TASK OBJECTIVE: Apart from the pictures, return every line of the listing exactly.

DATA SEGMENT:
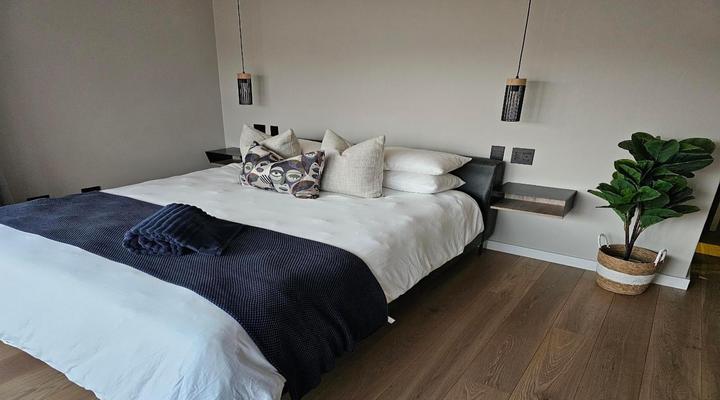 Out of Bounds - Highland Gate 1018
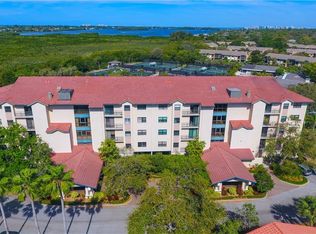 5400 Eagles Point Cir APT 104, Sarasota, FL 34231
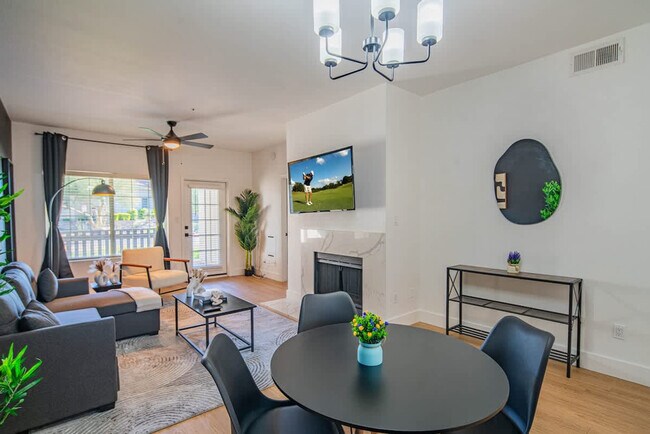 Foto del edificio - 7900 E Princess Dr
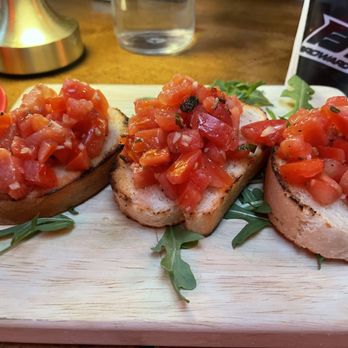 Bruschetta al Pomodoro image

REPLY:
 Out of Bounds - Highland Gate 1018
 5400 Eagles Point Cir APT 104, Sarasota, FL 34231
 Foto del edificio - 7900 E Princess Dr
 Bruschetta al Pomodoro image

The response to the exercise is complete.